##### SUPPLIED ENTRIES #####
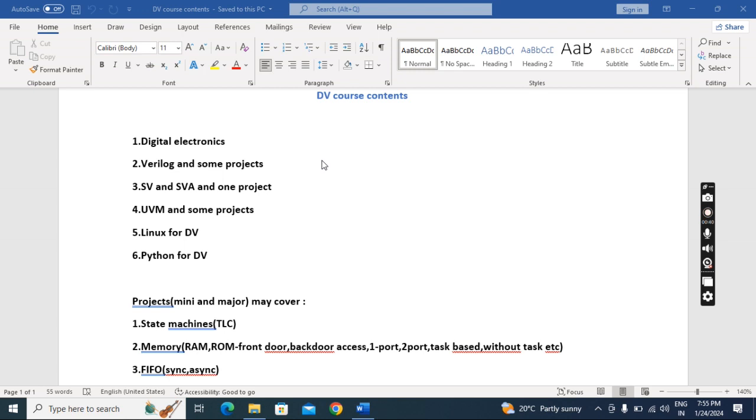In SystemVerilog we do one project, because SystemVerilog-based projects are not much important. Ultimately, industries do verification with UVM.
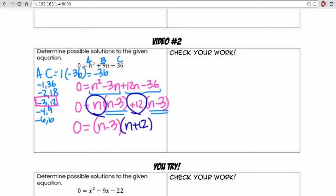Now using the zero product property, we'll take n minus 3 and set it equal to 0, and n plus 12 set equal to 0. We have our two answers as n equals 3 and n equals negative 12.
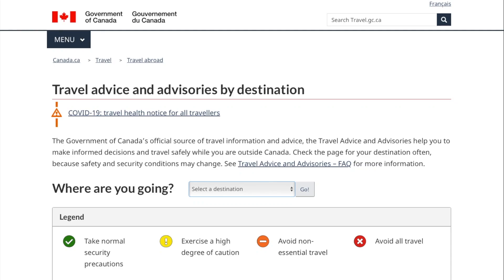If you're a Canadian passport holder and you're not sure if your destination requires a visa, it's really easy to find this information online. All you need to do is go to travel.gc.ca, where you can find travel advice and advisories for each destination.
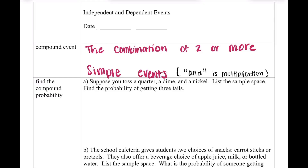Independent and dependent events are going to be a little bit different from the last lesson. Last lesson was just probability for simple events. With independent and dependent events, these are more compound events.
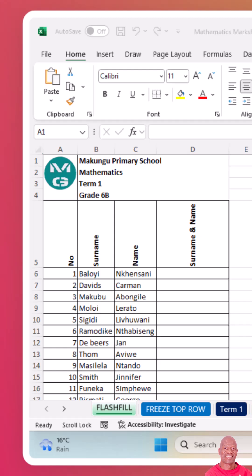When working with large workbooks in Excel, it is easy to get overwhelmed with many sheets. Hiding and showing sheets can be a game changer for organization and clarity. By doing so, you can focus on the data that matters most and keep your workbook tidy.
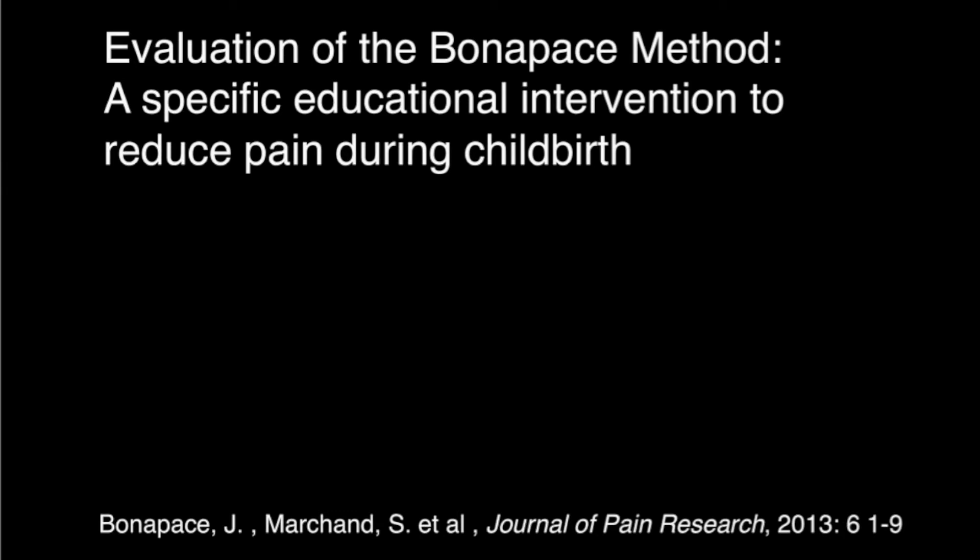The evaluation of the Bonapache Method, a specific educational intervention to reduce pain during childbirth.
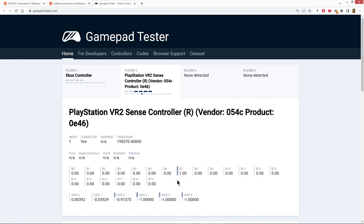B7 is registering on all of the time. And the reason it's registering on all of the time is because Axis 2 isn't at minus 1 when it's released. It's at minus 0.91.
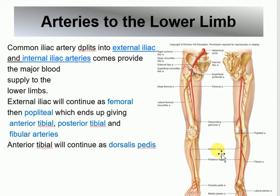For the lower limb: the abdominal aorta ends by splitting into the right and left common iliac arteries. This is very easy — just like the upper limb, it's named after the region. You have the iliac region, the thigh region (femur), and these give the names. Common iliac splits into external and internal iliac. The external iliac becomes the femoral artery.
#####
*WHAT TO WORK ON:* The answer is to be the lines from the line that contains "Independent and dependent events are" through the last line of the material, retyped exactly, both included, with pictures left out, please.

*ANSWER TO THE PROBLEM:*
Independent and dependent events are going to be a little bit different from the last lesson. Last lesson was just probability for simple events. With independent and dependent events, these are more compound events.
When working with large workbooks in Excel, it is easy to get overwhelmed with many sheets. Hiding and showing sheets can be a game changer for organization and clarity. By doing so, you can focus on the data that matters most and keep your workbook tidy.
The evaluation of the Bonapache Method, a specific educational intervention to reduce pain during childbirth.
B7 is registering on all of the time. And the reason it's registering on all of the time is because Axis 2 isn't at minus 1 when it's released. It's at minus 0.91.
For the lower limb: the abdominal aorta ends by splitting into the right and left common iliac arteries. This is very easy — just like the upper limb, it's named after the region. You have the iliac region, the thigh region (femur), and these give the names. Common iliac splits into external and internal iliac. The external iliac becomes the femoral artery.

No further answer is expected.